Critiques

Théâtre : le mur de la discorde

Des riverains s’étripent pour un mur dans un quartier de Yaoundé où la misère s’encroute chaque jour un peu plus alors que le développement continue de se faire attendre.

Un arbre encastré dans un mur qui divise une rue d’un quartier populaire en deux. C’est là le lieu imaginaire qu’a choisi le metteur en scène français Yves Borrini pour articuler la tension dramatique d’une pièce que le public de Yaoundé a eu la joie de découvrir sur deux soirs (24-25 novembre 2023) au Laboratoire Othni de Yaoundé. Un mur qui porte en lui les germes de la désunion via des niveaux de vie de chaque côté de la construction. D’une part, des riverains qui ploient sous la dureté du quotidien et dont leur part du mur sert à la fois d’exutoire et de lieu de plaisance, voire de jouissance. D’autre part, des citoyens qui vivent ce mur comme un inconfort qu’il faut conjurer pour continuer de jouir des profits que la destruction pourvoira, surtout qu’à la place passera une route pour faciliter les affaires.
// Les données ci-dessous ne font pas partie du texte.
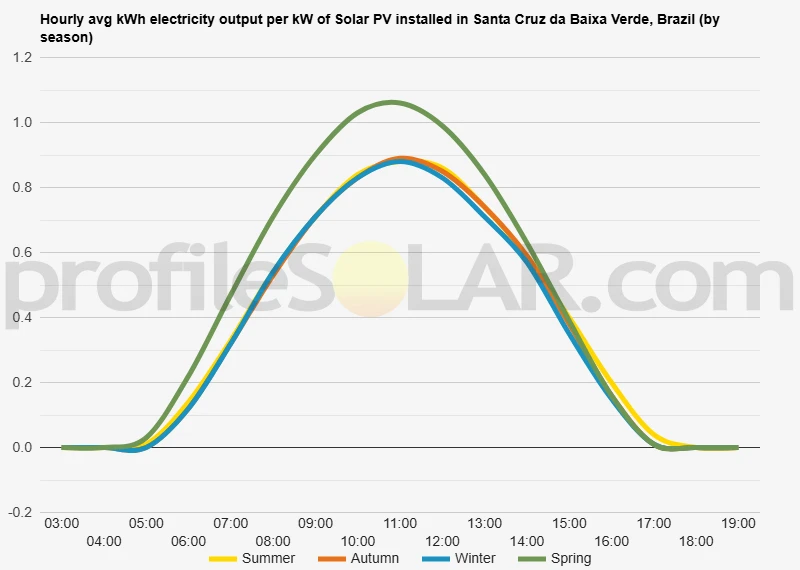 Graph of hourly avg kWh electricity output per kW of Solar PV installed in Santa Cruz Da Baixa Verde, Brazil (by season)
Pour mettre en musique ces tensions sur une intrigue disparate, cinq comédiens ont été convoqués, sur un texte à plusieurs mains élaborés en amont lors d’une résidence de création pilotée par la Compagnie Ngoti du regretté Jean Minguélé et de sa compagne Edwige Ntongon à Zock, deux figures de la scène théâtrale camerounaise passés ad patres voici deux décennies. Le récit dramatique tel qu’a pu s’en apercevoir le spectateur convoque plusieurs formes de théâtrales qui s’enchevêtrent avec entrain sans perdre de son effet entraînant. Le comique côtoie ainsi l’absurde et même si certaines séquences semblent sortir de la trame générale, il reste que le jeu des comédiens et la scénographie dans laquelle ils s’expriment sans anicroche accrochent le regard.

On en apprend ainsi des vilénies et des joies de riverains à qui il arrive de se réunir pour défendre leur position quant à la destruction du mur. En exploration de cette situation, Borrini construit une tension à partir de la vie au Cameroun où les fléaux de la corruption, des compromissions politiques ou de l’injustice sociale ont la peau dure. La pièce aussi expose la problématique de la protection de l’environnement sous le prisme de cet arbre pourvoyeur de bienfaits sur la santé et dont la destruction serait néfaste.

Soutenu par l’organisme faîtière du théâtre francophone, CITF, cette création qui a duré une quinzaine de jours, à la suite de l’atelier d’écriture de 2022 en ce même lieu, a réussi à remplacer deux comédiens dans l’impossibilité de faire le voyage de Yaoundé (la Gabonaise … et le Congolais Gilféry). Avec au bout la prouesse d’avoir pu amuser le public et suscité réflexion sur la vie comme elle va au Cameroun. Pays où l’on trouve des amoureux de la misère dont l’addiction est un cancer difficile à soigner, où des politiciens du dimanche continuent de tromper sans vergogne des foules pour leur seul intérêt, où des experts continuent de mener des gens en bateau, où le progrès continue d’être en panne, enserré dans cet environnement qui frise la cocotte-minute prête à exploser… C’est dire si les deux metteurs en scène qui fréquentent le Cameroun depuis trois décennies ont su ajuster les fragments de texte initiaux à une réalité drue que présentent nombre de nos quartiers. Après des lectures publiques desdits textes sur le sol européen, il serait bon que le spectacle qui en a résulté poursuive une vie sur les planches au-delà de ces deux soirs, tant la fièvre qu’il sait instiller dans le spectateur aide à s’interroger sur son quotidien et les lames de fond qui lui font parfois paraître comme une marionnette aux mains d’intérêts inavouables de ses semblables.

Destins croisés à Titi Garage, texte collectif, msc de Yves Borrini & Maryse Courbet, avec Ousmane Sali, Amadou Bouna, Hermine Yollo, Félicité Asseh, Sylvain Mekontchouo et Djo Ngeleka, 70 mn.